Under a contract with CMS for a pilot program, PRG-Schultz International reviews Medicare claims submitted by hospitals to help root out improper payments.
The auditor has rejected more than 90% of the claims submitted by California hospitals for rehabilitation services to patients with knee and hip replacements. Under its CMS contract, PRG-Schultz receives up to a 30% commission on such claims.
The CMS program is scheduled to expand permanently to 20 more states in March. Along with California, the program is being piloted in New York and Florida.
The large percentage of rejected claims prompted CMS to temporarily suspend PRG-Schultz's audits in 2007 and order an independent review of the firm's work. The review disagreed with nearly 40% of the denied claims (California Healthline, 12/11/07).
Roland Rapp -- chief administrative officer for Skilled Healthcare Group, which operates more than 30 nursing homes in California -- said the audit program "is the most irrational, counterproductive program of its kind I have seen in my 25 years of experience in long-term care."
Auditors denied more than 2,500 claims worth more than $6 million at the company's nursing homes.
Rapp said the facilities have been forced to borrow against lines of credit to meet "basic cash needs." He added, however, that as the cases are reviewed through an appeals process, the majority are being reversed.
Reps. Lois Capps (D-Calif.) and Devin Nunes (R-Calif.) introduced a measure last year that would suspend the auditing program for a year (San Luis Obispo Tribune, 2/13).
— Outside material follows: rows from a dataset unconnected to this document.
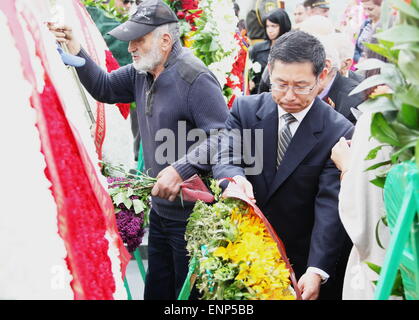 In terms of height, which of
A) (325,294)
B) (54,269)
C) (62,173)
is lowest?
(325,294)

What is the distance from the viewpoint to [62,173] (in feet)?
6.69

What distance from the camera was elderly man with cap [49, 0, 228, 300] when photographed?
3615 millimetres

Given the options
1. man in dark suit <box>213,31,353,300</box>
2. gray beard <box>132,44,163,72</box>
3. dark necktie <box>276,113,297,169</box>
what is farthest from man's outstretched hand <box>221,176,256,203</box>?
gray beard <box>132,44,163,72</box>

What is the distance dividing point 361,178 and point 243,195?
1.61 feet

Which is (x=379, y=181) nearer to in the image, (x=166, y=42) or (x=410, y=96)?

The bill would require Medicare administrators and the Government Accountability Office to review the program (California Healthline, 11/26/07).
Last month, the American Medical Association endorsed the legislation.
Capps argued that the program is intended to reduce costs, but instead, the government is spending additional money to defend the auditor's decisions. She added that the program "could ultimately cost taxpayers more money than it ends up saving" (San Luis Obispo Tribune, 2/13).